We have a table with this structure:
id VARCHAR, Timestamp DateTime, v0 Nullable(DOUBLE), v1 Nullable(DOUBLE),...
The key is (id,Timestamp).
We receive our data v0,v1,... in several parts so that inserted rows are not complete, but we want the final result to be complete rows. For example:
Inserted:
id Timestamp v0 v1 v2 v3
================================
id1 ts1 1 1 null null
id1 ts1 null null 2 2
Expected result:
id Timestamp v0 v1 v2 v3
================================
id1 ts1 1 1 2 2
We also want to be able to update values, so we added a 'version' column. The rule we want to implement is "keep the latest non-null value for each column".

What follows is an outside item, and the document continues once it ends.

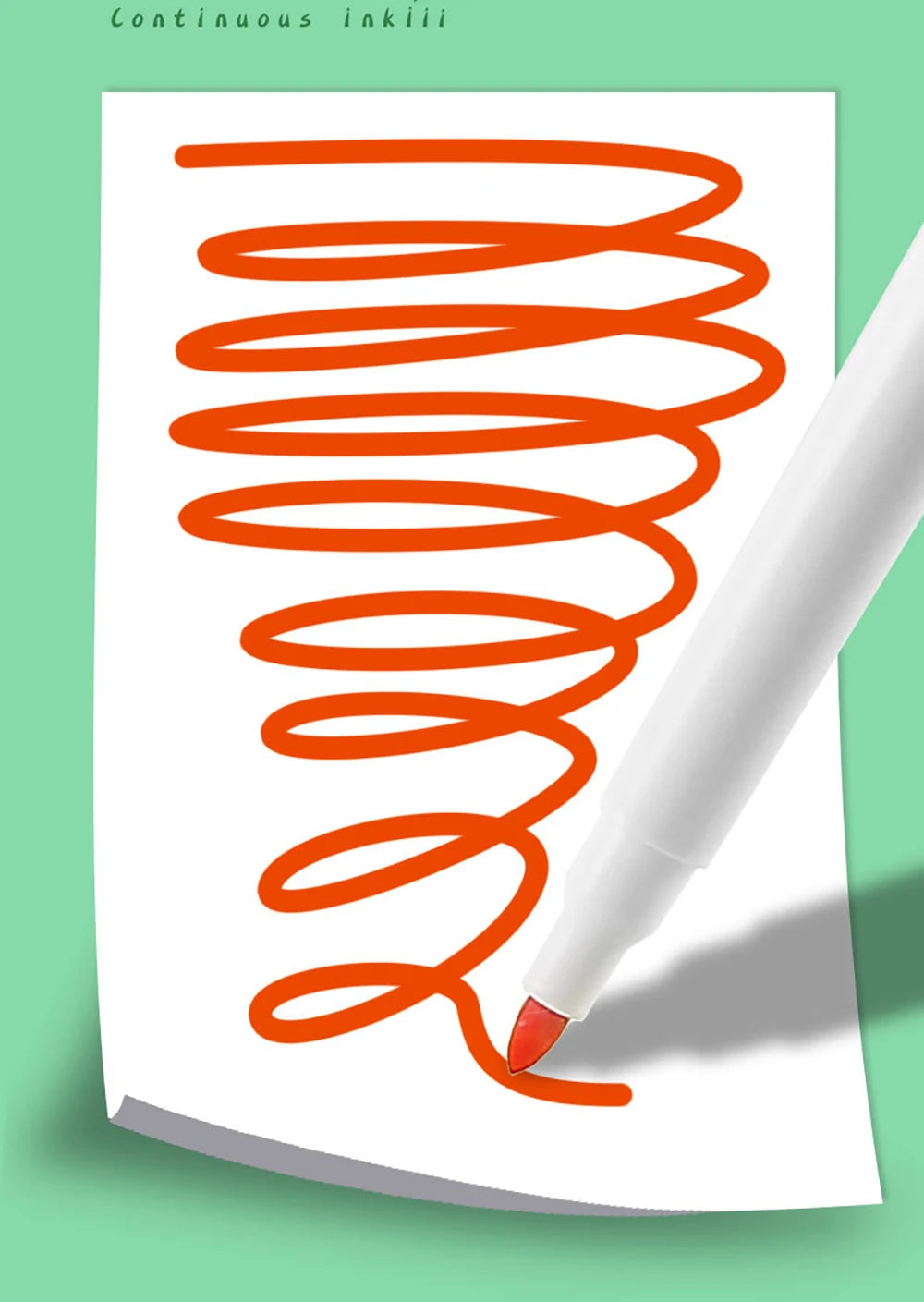 A white marker drawing a continuous orange spiral line on a white sheet of paper.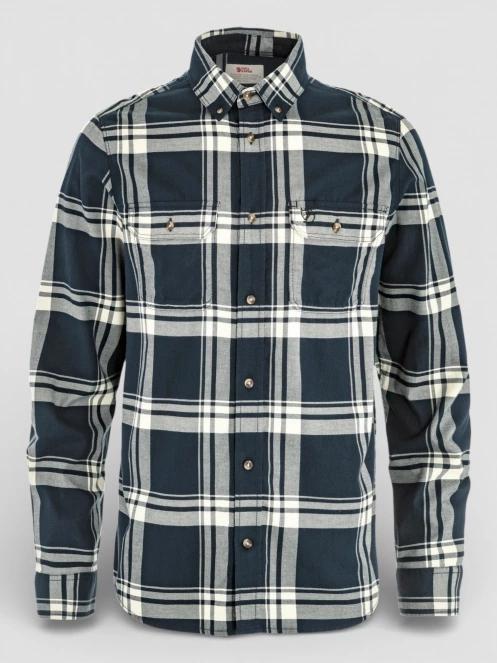 Fjallraven Övik Lite Flannel Shirt M férfi hosszú ujjú ing sötétkék színben 2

We tried different solutions but none is really perfect:
The ideal solution for us would be to have a "ignoreNullValues" option in ReplacingMergeTree so that instead of just keeping the latest row, the engine replaces a value only if the new value is not null (for each column).
Is this something that could be added?
I am working on a patch of SummingMergeTree to solve our use case described above. The idea is to specify a custom aggregation function (here it would be 'anyLast') which will be used instead of 'sumWithOverflow'.
I have a working prototype but there are some issues:
So my question is: is it a good approach to add these options to the SummingMergeTree?
An alternative would be to start a new MergeTree variant, but is there a chance that it is accepted in official sources?
You could try also AggregatingMergeTree with anyLastIf function.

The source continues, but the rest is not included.